Spotted by a friend, I admitted I had run out of ideas. ``Me, too," she confessed.
We workshopped the dilemma in the biscuit aisle. She reached for the Marie biscuits to make some golf balls. I opted for a Chocolate Ripple cake. Problem solved.
If only all the anxiety wrapped up with Christmas could be so easily resolved.
Roll on Boxing Day, I thought to myself as the week progressed.
True, Christmas is a magical time of year.
But after weeks of emotional kinder and creche farewells, carol singing and social gatherings, not to mention trying to pick a little something for everyone from the Lollipop man to the choirmaster, my brain's in overdrive.
Then there's Christmas Day with its simmering tensions. Omissions that would be overlooked 364 days of the year take on mammoth proportions.
People arriving late and holding up the proceedings. Strained relations and overtired kids. And that's before the champagne corks start popping.
While Boxing Day might owe its origins to a time when servants got a day off, armed with boxes of goodies courtesy of their rich bosses, there'll be little respite for most of us.
I might be on holiday for the next few weeks but there's going to be days when I feel like I have knocked off work to carry bricks.
There are five whole weeks of school holidays stretching before us and no plans for an extended break.
While it's great not to be running against the clock all day and ferrying kids to out-of-school activities, I love packing school lunches.
I am not around so I don't hear them whinging about what's on offer. If they are hungry enough they will eat it.
But during the holidays, feeding the kids healthy food is one of the greatest challenges.
After weeks of sausage sizzles we've had our fill of snags. While there has been plenty of lovely seasonal fruit, nary a vegetable has passed their lips. Unless you count tomato sauce, that is, and it's technically a fruit.
Those without children, will say we should enjoy them while they are happy to be seen within a metre of us.
But many of us noughties parents have created a rod for our own backs. We get out and about with our kids too much. They can't play on the streets like we did.
Most mornings we are met with a chorus of ``what are we going to do today?''
It doesn't have to cost a lot of money, but it means we are on the go the whole time.
The upside is that they are not sitting in front of a computer or a TV all holidays.
Us multi-tasking Mums, who claim to have pulled off the whole Christmas extravaganza without any assistance from our husbands, will be looking for a break to chew on our burnt chops.
The menfolk will be desperate to get to the MCG today for the Boxing Day Test.
My husband spent the first three days of the school holidays child wrangling, taking them to movies, the pool and Christmas shopping. Only a man could think you could get anything done at a crowded shopping centre with three kids in tow. But that's another story.
In a moment of weakness I suggested he might like to go to the cricket.
He was hesitant because he knows that for the duration of the holidays, whenever things go pear-shaped, I will be reminding him that he went to the cricket while I finished off the Christmas visits.

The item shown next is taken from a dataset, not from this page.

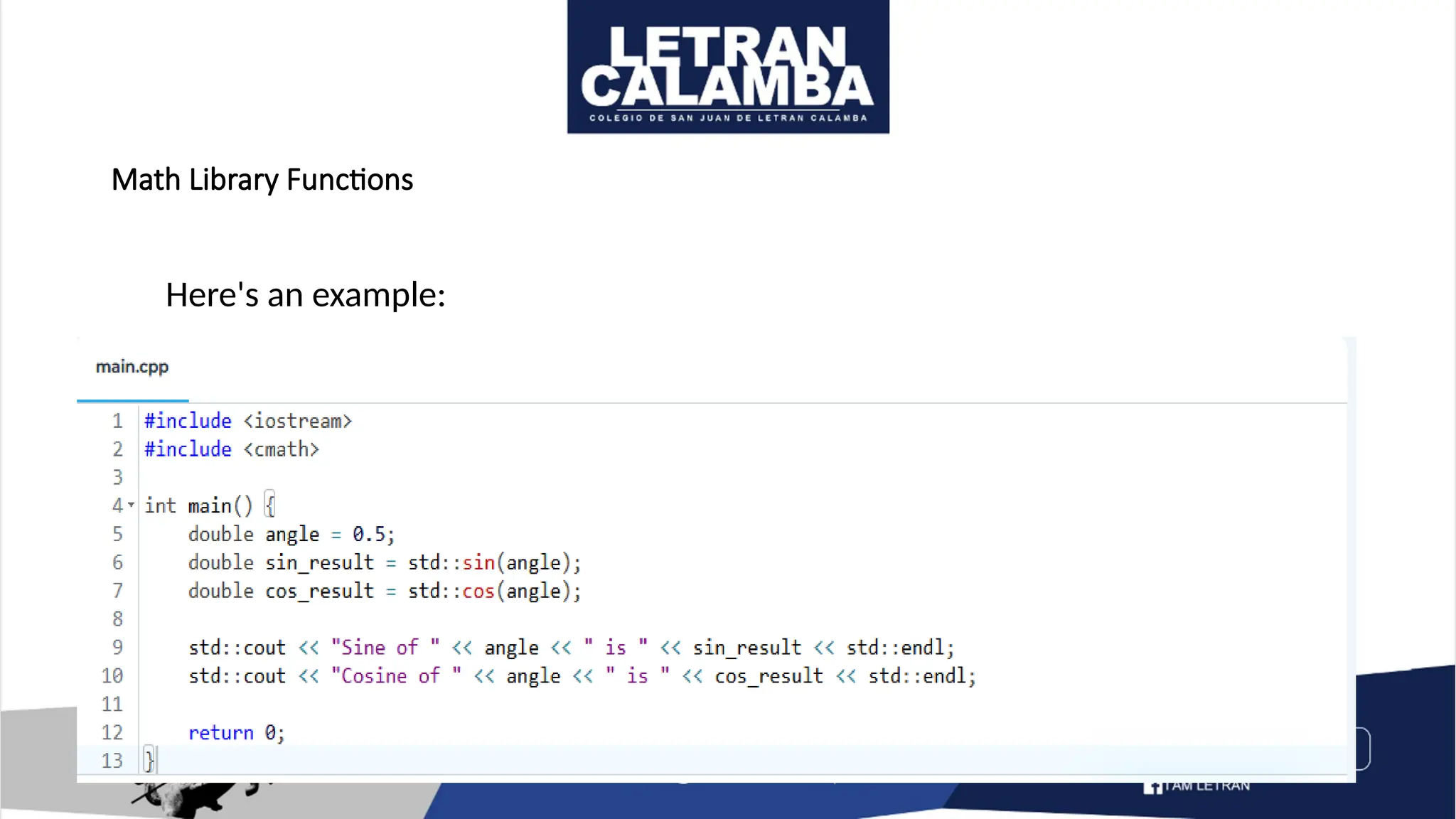 Math Library Functions
Here's an example:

Many of us, employing the skills of a high level diplomat so we didn't have to traipse around the country to see all our family and friends yesterday, will be piling into the car and heading off to sit down in front of another heaving Christmas spread. Another round of turkey, pork, pud and trifle to keep the family peace, but what about my waistline?
While the doorbuster Boxing Day sales of recent years have been scaled back, there will be some of us who feel we didn't give our credit card a good enough workout in the lead-up to Christmas. Too many bargains is never enough. And it doesn't matter that the present cupboard is already bulging.

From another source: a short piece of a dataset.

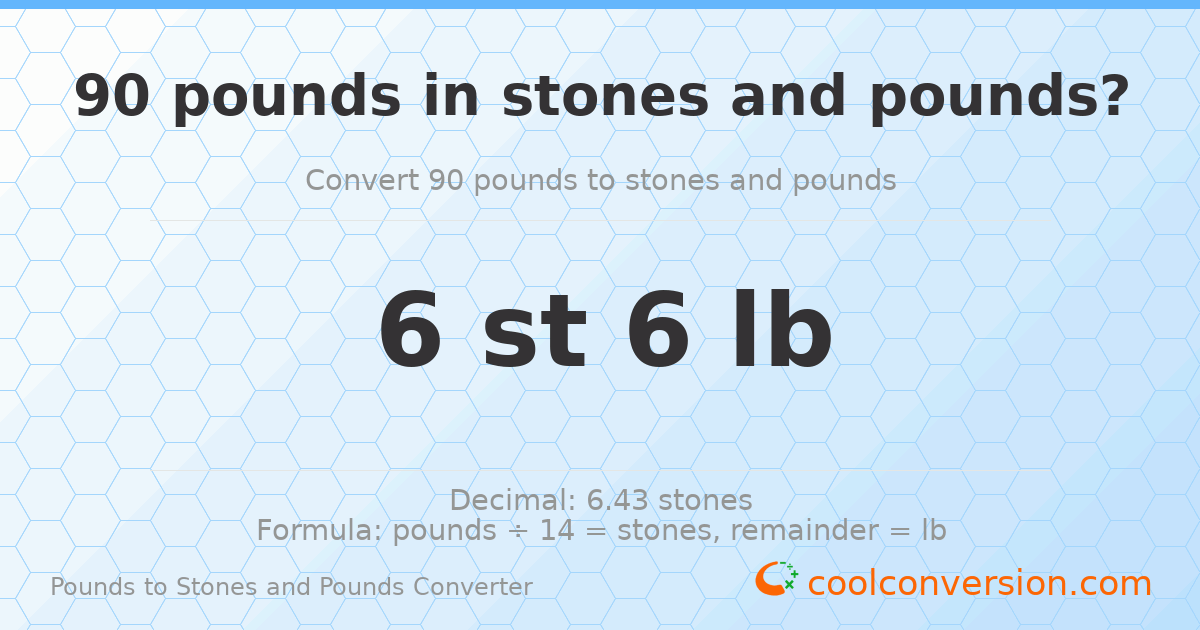 90 pounds to stones and pounds — 90 lb = 6 st 6 lb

Then there will be tears. The faulty toys that don't work and have to be brought back and snaking return queues that will make Mum and Dad feel like crying.
Worse still will be the recognition that you have to fork out $15 in batteries to get the $10 Tinkerbell walkie talkies given to the five-year-old to work.

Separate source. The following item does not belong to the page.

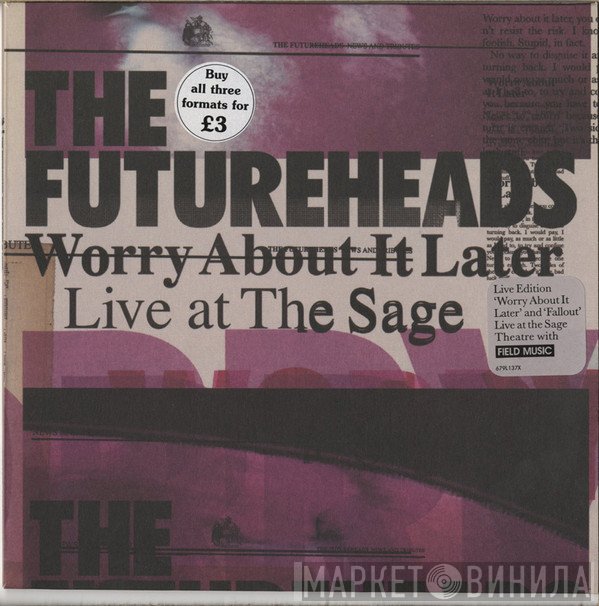 The Futureheads - Worry About It Later (Live At The Sage)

Then there are hours spent wrestling with the instructions for a toy that have apparently been written by a nuclear scientist.
Having painfully constructed a scale-model replica of the Statue of Liberty, you find the torch is missing.
Or, as a friend learned, the money gifted to her in a card was thrown out with the wrapping paper. At least that's what her famously tight-wad aunt claimed must have happened.
Then there are the plain bad taste presents. Best not to even give them a home. Box them up and send them off to the op shop.
A friend reminded me of the set of awful towels she received which included a lovely note - to the intended recipient who had then given them to her.
Re-gifting is great if its going to a charity or a school fundraiser.
By tomorrow we'll have put a big dent in the turkey, ham and pudding leftovers. But then we'll turn out attention to New Year's Eve.
Oh, and another dish to think about preparing.
And then there's the New Year's resolutions.
Learning to say ``no'' might be a good one.
``No'' to a second slice of Chocolate Ripple cake. ``No'' to another glass of wine.
And, importantly, NOwhere when the kids ask where they are going today.